Material for this exercise:
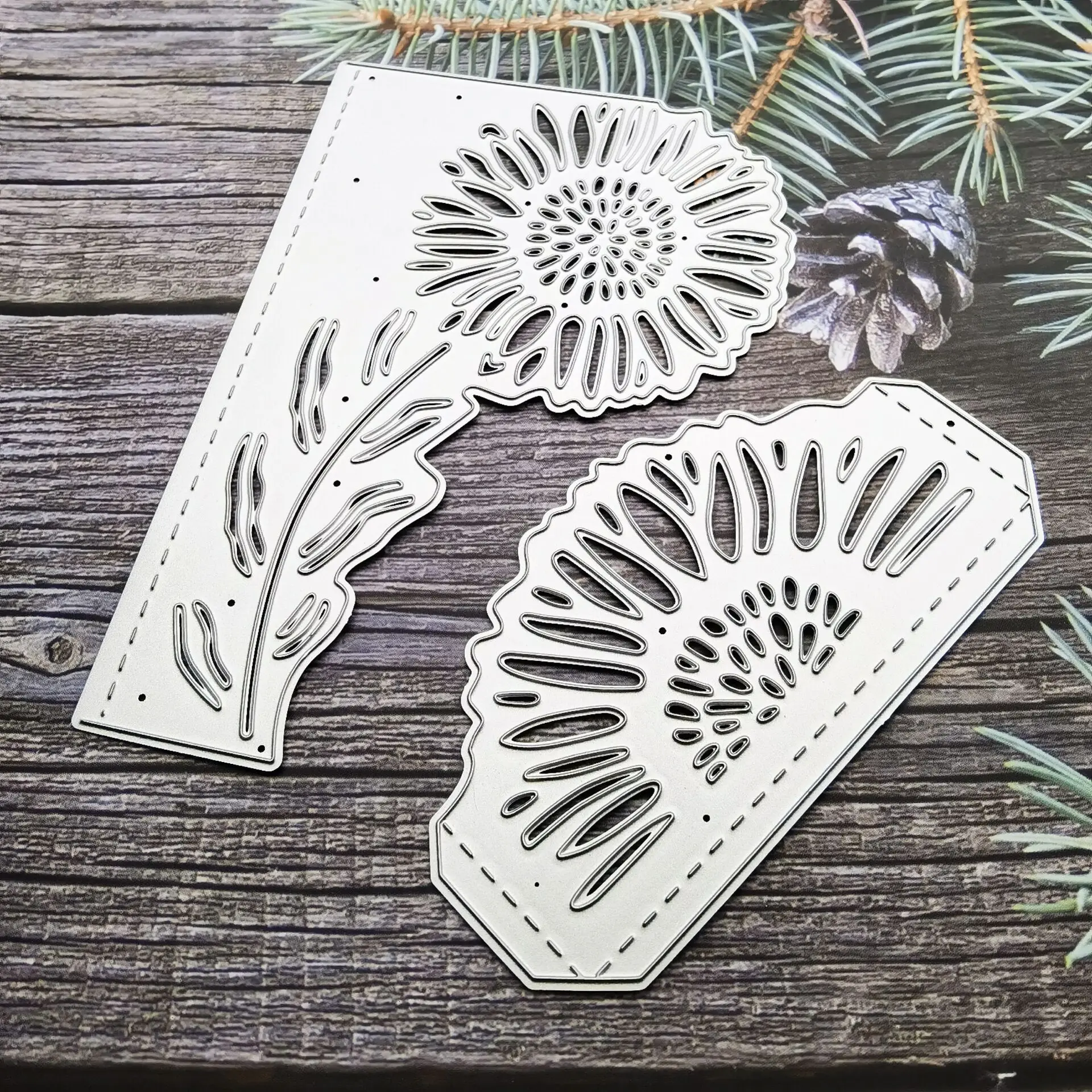 Metal Cutting Dies Chrysanthemum Sunflower Stencils for DIY Scrapbooking/Photo Album Decorative Embossing Paper Card Decoration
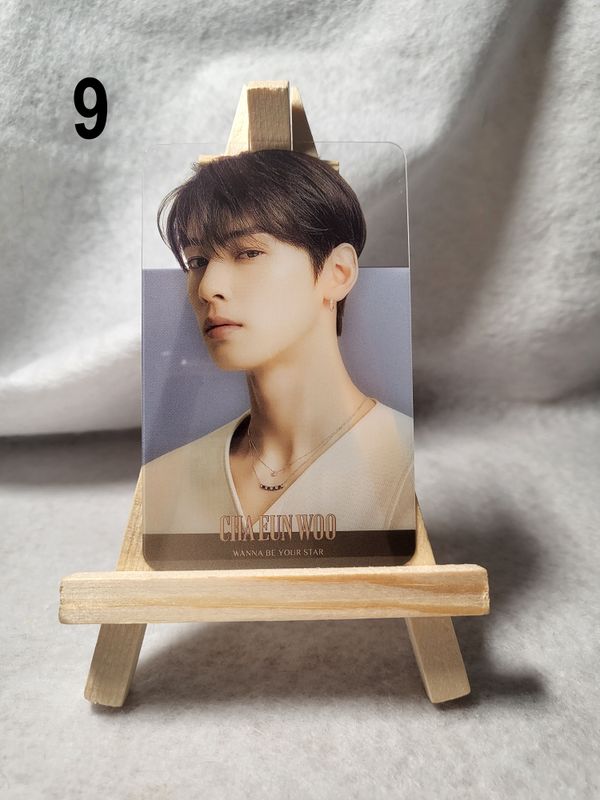 Cartes transparentes Cha Eun-Woo – Un indispensable pour les fans de K-Drama et K-Pop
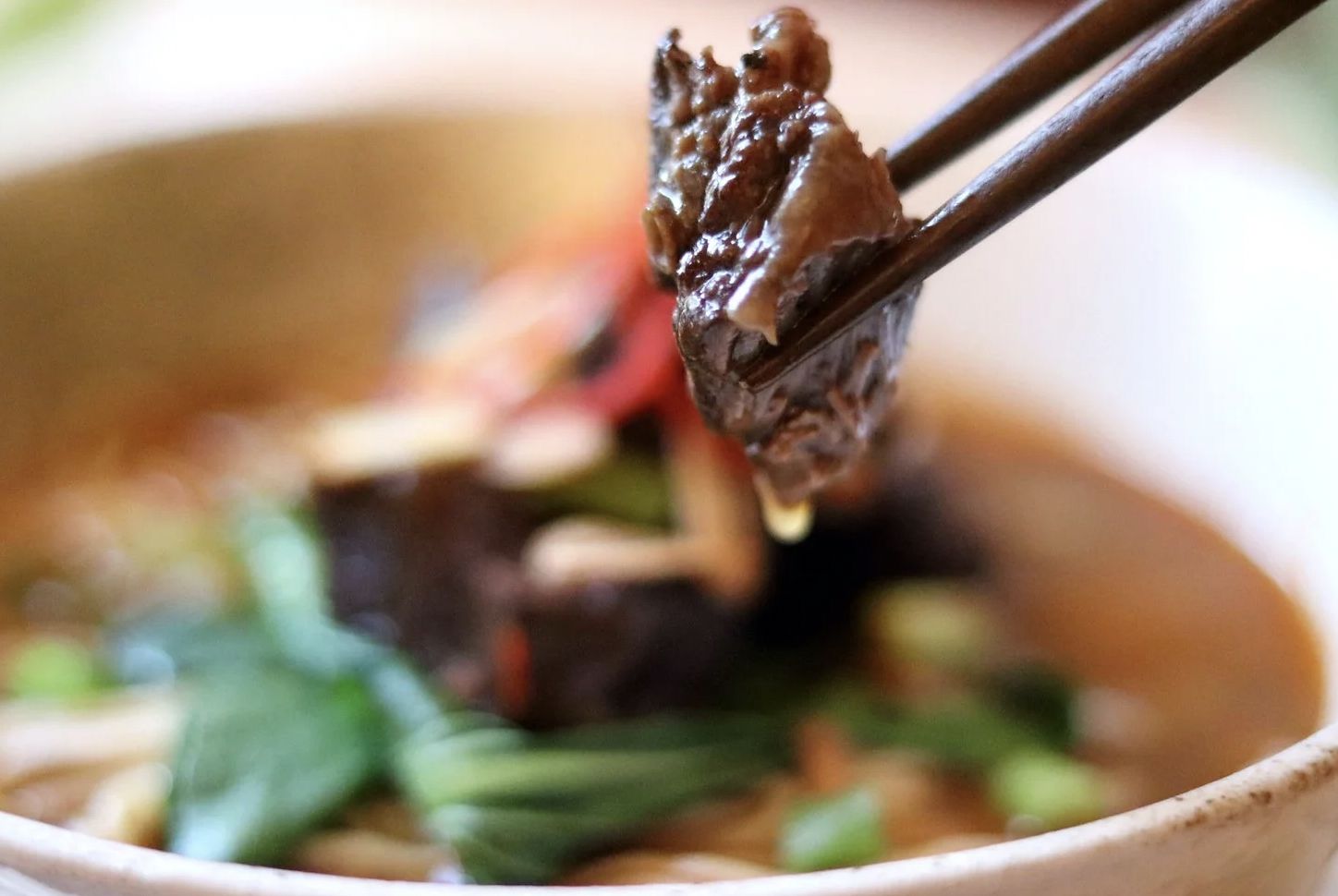 Braised Ox Cheek Noodle Soup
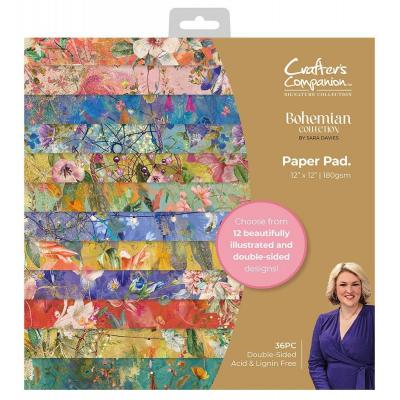 Crafters Companion Bohemian Designpapiere - Paper Pad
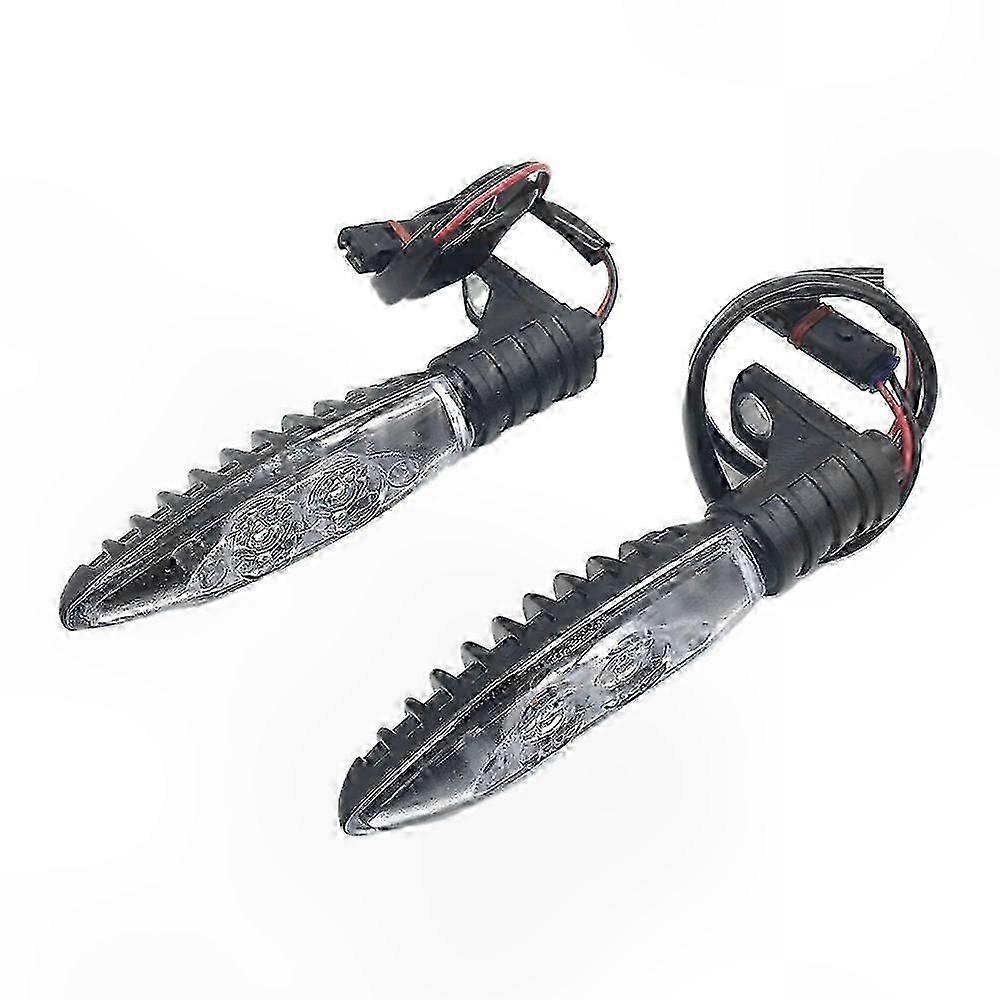 LED Turn Signal Indicators for Select Motorcycle Models - Front Blinker Lights for Adventure and Sport Bikes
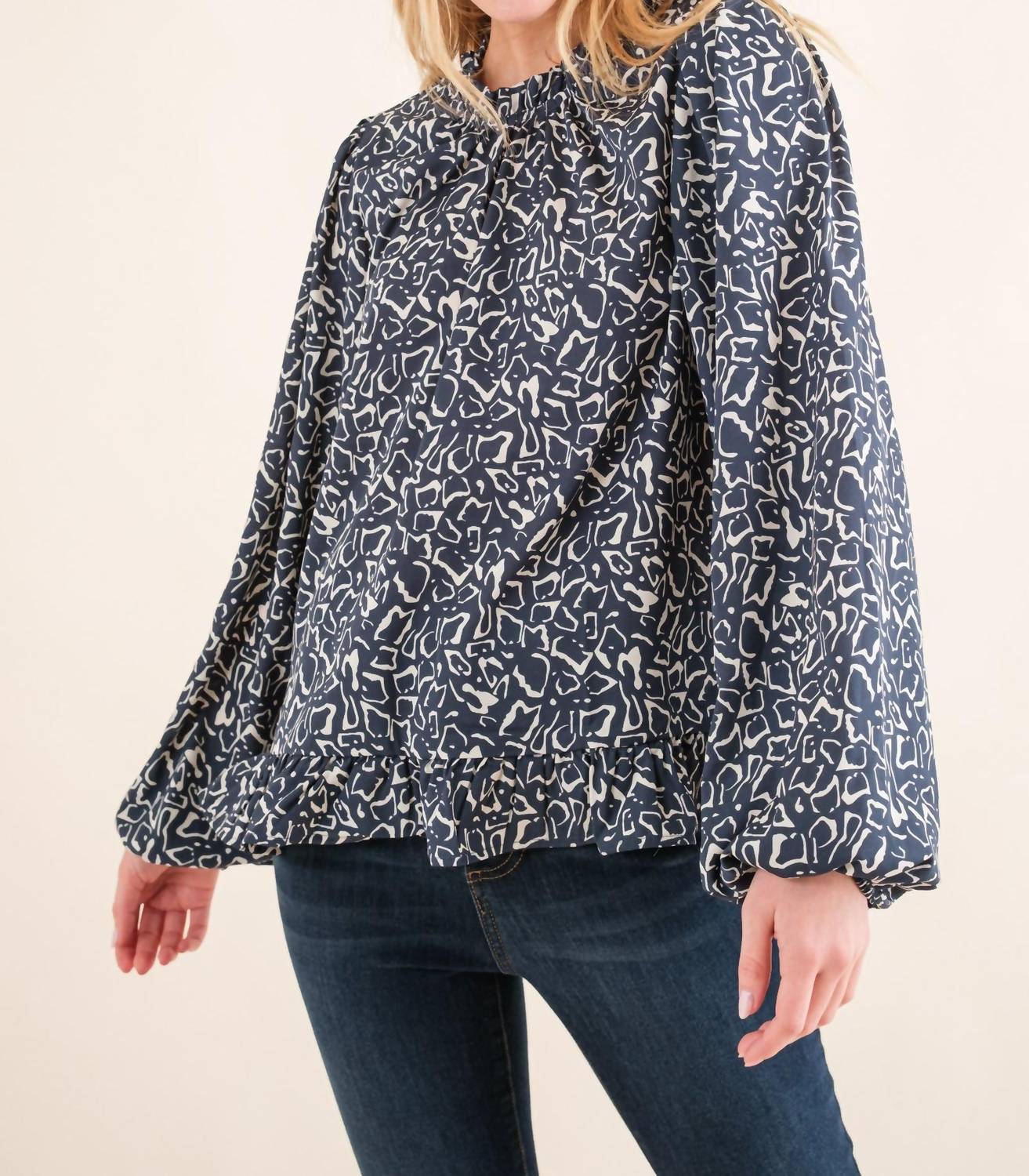 And The Why - Running Out of Time Blouse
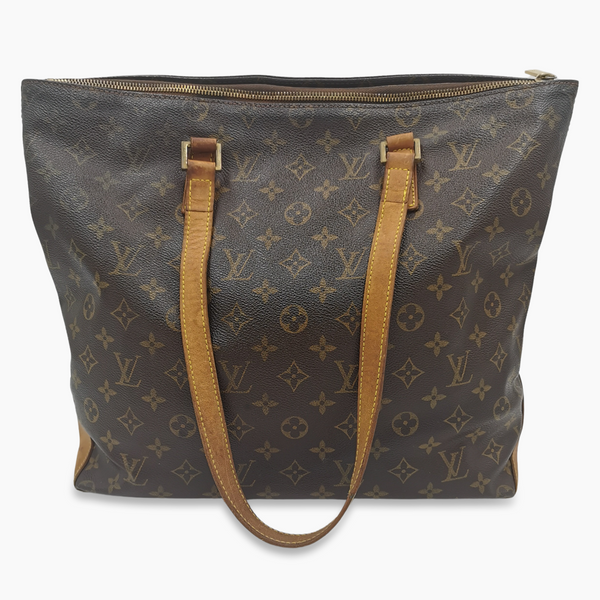 Monogram Cabas Mezzo taske fra brand: LOUIS VUITTON - We Do Vintage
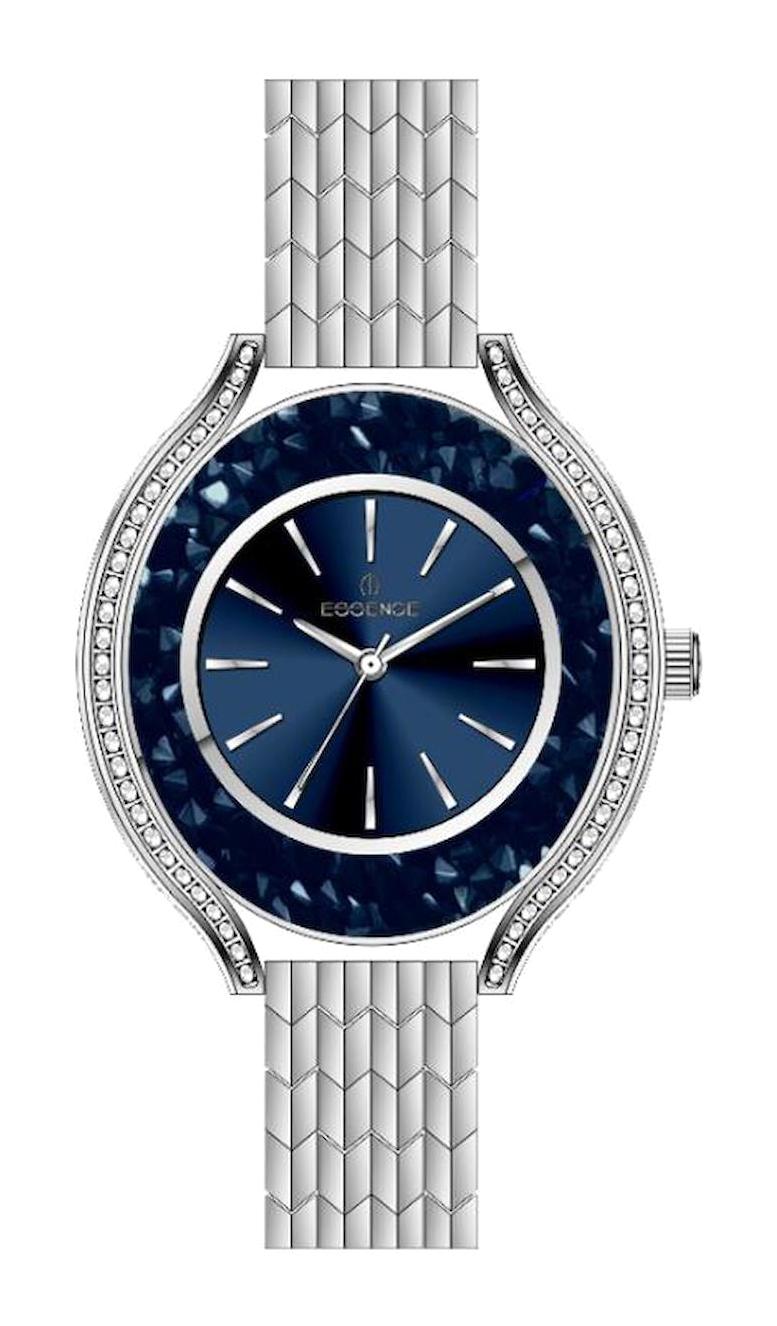 Essence D1149.390 33 mm Gri Çelik Kordon Analog Kadın Kol Saati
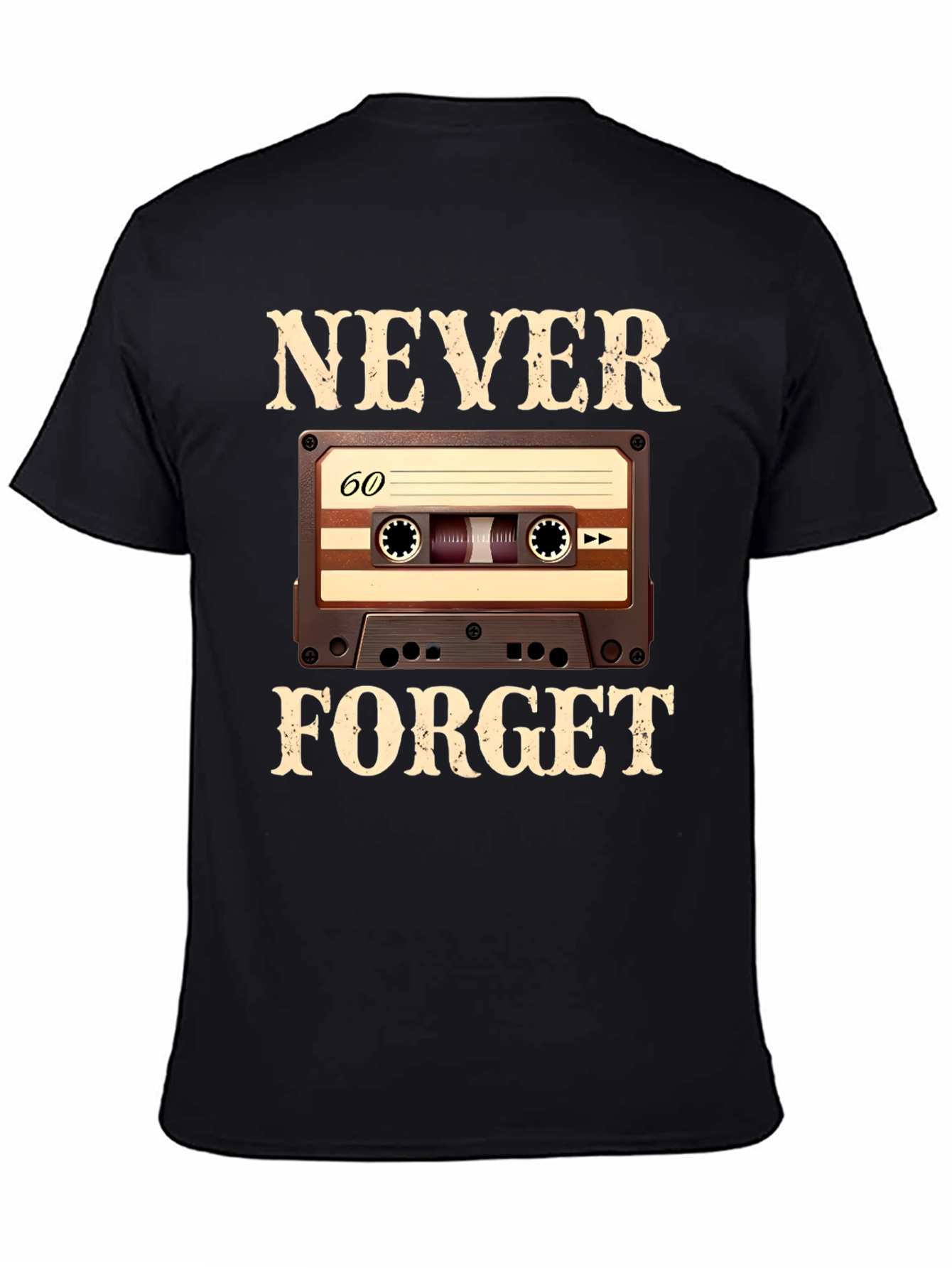 Never Forget Cassette Tape T-Shirt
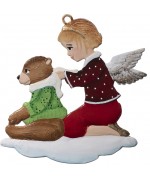 NEW - Angel with Bear 2022 Ornament Christmas Pewter Wilhelm Schweizer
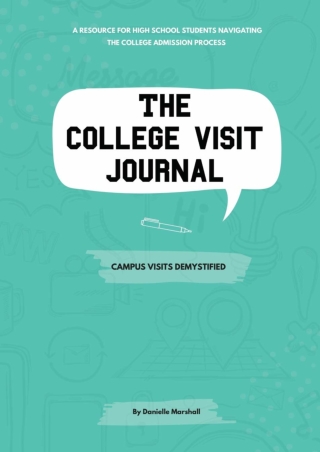 ePUB  The College Visit Journal Campus Visits Demystified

Your goal: A verbatim transcription of the records, pictures excluded, is the required output.

Your solution:
 Metal Cutting Dies Chrysanthemum Sunflower Stencils for DIY Scrapbooking/Photo Album Decorative Embossing Paper Card Decoration
 Cartes transparentes Cha Eun-Woo – Un indispensable pour les fans de K-Drama et K-Pop
 Braised Ox Cheek Noodle Soup
 Crafters Companion Bohemian Designpapiere - Paper Pad
 LED Turn Signal Indicators for Select Motorcycle Models - Front Blinker Lights for Adventure and Sport Bikes
 And The Why - Running Out of Time Blouse
 Monogram Cabas Mezzo taske fra brand: LOUIS VUITTON - We Do Vintage
 Essence D1149.390 33 mm Gri Çelik Kordon Analog Kadın Kol Saati
 Never Forget Cassette Tape T-Shirt
 NEW - Angel with Bear 2022 Ornament Christmas Pewter Wilhelm Schweizer
 ePUB  The College Visit Journal Campus Visits Demystified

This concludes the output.